The guys over at Solar Panels UK just launched a great tool — it’s a solar PV calculator designed to tell you approximately how much you can save — or even make(!) — by turning your roof blue and going green.
Solar panels are increasingly popular — conversion rates are going up, they’re super clean and green, sunlight is there every day and just asking to be used, and they’re even a pretty shade of blue. But there’s always that one guy who keeps talking about how it’s such a scam and it costs so much to install the system that it’s not worth it, and how much power could solar panels really produce anyway.

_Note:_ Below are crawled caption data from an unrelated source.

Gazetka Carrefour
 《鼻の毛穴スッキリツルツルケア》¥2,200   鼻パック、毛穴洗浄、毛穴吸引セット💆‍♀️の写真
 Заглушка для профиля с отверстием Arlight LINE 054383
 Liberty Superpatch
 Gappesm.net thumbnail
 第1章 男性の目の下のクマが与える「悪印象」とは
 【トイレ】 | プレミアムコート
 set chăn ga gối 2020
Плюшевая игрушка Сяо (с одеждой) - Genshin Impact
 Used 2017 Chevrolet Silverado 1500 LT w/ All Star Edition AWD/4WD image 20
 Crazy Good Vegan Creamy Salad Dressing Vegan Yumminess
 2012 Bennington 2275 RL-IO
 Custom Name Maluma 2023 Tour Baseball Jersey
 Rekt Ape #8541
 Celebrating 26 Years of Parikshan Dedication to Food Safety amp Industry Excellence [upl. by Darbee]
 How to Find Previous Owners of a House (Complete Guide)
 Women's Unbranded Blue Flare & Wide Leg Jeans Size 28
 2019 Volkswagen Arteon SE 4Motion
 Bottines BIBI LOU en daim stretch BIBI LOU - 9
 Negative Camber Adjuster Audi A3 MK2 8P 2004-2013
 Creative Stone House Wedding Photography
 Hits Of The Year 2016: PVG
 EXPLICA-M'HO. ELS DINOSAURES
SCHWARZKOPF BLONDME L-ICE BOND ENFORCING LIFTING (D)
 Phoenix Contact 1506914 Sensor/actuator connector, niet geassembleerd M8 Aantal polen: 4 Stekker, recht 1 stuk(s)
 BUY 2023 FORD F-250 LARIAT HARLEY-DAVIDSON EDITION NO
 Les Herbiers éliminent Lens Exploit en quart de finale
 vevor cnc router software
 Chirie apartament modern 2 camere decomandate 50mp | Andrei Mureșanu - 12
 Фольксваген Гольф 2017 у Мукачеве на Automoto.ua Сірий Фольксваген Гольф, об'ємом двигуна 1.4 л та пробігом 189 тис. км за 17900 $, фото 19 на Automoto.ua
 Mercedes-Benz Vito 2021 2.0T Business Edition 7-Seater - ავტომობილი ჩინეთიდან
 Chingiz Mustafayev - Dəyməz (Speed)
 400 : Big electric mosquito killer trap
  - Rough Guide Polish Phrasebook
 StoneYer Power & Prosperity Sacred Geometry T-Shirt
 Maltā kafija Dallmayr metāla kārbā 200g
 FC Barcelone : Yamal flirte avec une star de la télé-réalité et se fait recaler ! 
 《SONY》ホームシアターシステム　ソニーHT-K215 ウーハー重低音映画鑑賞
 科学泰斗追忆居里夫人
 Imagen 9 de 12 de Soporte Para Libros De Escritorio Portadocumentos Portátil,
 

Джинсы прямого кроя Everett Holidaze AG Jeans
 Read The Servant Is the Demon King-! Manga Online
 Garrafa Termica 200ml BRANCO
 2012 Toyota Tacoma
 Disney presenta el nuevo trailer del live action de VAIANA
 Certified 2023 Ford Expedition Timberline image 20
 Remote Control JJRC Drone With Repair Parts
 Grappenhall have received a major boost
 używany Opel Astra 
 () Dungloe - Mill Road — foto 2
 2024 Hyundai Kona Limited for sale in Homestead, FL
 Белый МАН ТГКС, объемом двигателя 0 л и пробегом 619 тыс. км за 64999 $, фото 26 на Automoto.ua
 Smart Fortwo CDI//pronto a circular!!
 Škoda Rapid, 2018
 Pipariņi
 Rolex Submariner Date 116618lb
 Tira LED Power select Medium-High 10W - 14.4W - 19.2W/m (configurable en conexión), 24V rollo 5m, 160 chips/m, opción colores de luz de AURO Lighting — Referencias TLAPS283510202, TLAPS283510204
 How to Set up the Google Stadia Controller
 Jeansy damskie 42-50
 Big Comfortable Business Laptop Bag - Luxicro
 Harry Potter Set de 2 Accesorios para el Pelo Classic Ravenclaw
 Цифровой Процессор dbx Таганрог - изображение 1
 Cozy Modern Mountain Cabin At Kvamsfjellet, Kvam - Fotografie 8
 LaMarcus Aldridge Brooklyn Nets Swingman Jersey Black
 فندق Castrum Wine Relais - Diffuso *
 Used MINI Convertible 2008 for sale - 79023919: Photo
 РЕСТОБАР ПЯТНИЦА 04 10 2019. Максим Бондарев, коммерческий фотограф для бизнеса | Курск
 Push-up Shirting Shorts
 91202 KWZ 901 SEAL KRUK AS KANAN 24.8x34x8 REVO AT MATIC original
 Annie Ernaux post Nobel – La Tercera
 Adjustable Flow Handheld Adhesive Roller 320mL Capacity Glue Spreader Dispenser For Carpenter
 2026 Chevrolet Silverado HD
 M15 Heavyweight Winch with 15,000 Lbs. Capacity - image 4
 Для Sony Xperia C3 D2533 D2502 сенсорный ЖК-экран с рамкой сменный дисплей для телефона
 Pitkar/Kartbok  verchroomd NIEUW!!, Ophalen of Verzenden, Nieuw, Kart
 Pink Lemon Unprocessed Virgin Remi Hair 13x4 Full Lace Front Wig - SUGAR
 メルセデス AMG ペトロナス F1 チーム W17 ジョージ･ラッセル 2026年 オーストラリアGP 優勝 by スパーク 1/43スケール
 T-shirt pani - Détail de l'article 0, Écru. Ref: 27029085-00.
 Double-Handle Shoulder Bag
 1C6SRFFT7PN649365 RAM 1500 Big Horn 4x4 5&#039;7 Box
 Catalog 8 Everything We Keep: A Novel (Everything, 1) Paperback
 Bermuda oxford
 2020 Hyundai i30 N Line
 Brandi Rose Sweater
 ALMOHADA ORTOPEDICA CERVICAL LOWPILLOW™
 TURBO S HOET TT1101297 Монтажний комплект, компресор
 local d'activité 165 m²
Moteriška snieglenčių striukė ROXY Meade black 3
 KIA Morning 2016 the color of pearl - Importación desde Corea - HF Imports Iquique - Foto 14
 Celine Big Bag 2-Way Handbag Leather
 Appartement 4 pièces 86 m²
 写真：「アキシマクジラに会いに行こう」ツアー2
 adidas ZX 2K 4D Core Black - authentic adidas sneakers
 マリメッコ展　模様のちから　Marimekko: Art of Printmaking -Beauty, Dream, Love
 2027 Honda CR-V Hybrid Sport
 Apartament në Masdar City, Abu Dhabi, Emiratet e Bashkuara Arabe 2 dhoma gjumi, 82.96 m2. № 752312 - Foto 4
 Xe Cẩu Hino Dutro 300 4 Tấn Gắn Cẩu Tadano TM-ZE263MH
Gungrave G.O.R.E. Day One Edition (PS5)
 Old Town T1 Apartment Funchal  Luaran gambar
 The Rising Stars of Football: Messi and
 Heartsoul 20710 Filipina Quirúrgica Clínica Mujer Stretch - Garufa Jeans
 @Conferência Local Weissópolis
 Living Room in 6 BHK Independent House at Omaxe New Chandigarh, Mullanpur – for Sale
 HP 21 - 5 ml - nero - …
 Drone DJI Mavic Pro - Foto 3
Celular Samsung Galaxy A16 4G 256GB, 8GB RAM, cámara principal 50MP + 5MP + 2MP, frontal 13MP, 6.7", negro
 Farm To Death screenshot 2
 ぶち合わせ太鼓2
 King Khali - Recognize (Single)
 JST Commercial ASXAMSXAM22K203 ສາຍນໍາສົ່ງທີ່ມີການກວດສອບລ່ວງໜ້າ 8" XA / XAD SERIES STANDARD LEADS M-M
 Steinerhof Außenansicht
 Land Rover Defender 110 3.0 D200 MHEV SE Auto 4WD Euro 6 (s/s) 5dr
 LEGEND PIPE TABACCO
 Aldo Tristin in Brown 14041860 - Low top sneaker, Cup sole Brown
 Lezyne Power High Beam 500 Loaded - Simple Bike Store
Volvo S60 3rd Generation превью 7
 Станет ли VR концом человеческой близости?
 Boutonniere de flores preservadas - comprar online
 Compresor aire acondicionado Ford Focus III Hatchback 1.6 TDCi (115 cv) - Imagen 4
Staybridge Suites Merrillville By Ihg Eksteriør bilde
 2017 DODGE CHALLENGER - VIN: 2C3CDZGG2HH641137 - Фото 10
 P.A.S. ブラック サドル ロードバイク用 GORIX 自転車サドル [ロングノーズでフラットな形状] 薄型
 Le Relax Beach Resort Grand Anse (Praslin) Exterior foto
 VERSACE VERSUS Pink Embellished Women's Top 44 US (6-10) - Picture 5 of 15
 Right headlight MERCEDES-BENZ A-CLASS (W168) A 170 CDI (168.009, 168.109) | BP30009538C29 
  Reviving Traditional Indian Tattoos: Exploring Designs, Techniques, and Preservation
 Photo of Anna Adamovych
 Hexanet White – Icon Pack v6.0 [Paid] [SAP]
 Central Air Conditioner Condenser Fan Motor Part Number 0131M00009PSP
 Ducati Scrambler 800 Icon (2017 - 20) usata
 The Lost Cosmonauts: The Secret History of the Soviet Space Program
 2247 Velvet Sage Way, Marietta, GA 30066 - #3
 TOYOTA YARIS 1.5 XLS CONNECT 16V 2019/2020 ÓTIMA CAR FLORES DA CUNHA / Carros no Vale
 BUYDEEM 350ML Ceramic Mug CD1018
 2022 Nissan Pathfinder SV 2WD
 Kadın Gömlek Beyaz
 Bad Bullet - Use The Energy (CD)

My Solar Panels Do This Much — According to the Solar PV Calculator
The Solar PV Calculator from Solar Panels UK might or might not have been designed with this guy in mind, but it’s a pretty handy little tool. It takes into account a number of factors — the installation quote, roof pitch, feed-in tariff rate (because the UK has one of those), and whether or not any energy will be exported to the grid.
Using the calculator is pretty straightforward if you have a UK address (I don’t, so I googled for a random UK postal code and started fiddling) — all of the instructions are right there on the page. Playing around with the calculator gives me the impression that a 30° roof slope facing due south is the most efficient arrangement, but the difference between the most and least efficient setups I could find (assuming the size of the installation and percent of energy exported to the grid remained constant) was no more than 11%.
The one thing I’d like to see it do that I couldn’t find was maybe a little graph of how much energy the solar panels generate, but that’s mostly because I like graphs. If I had a roof on which to install solar panels (I rent, so this is not an option for me), this fun little tool would definitely be super helpful in convincing me to install solar panels. Can we have something like this for the US now?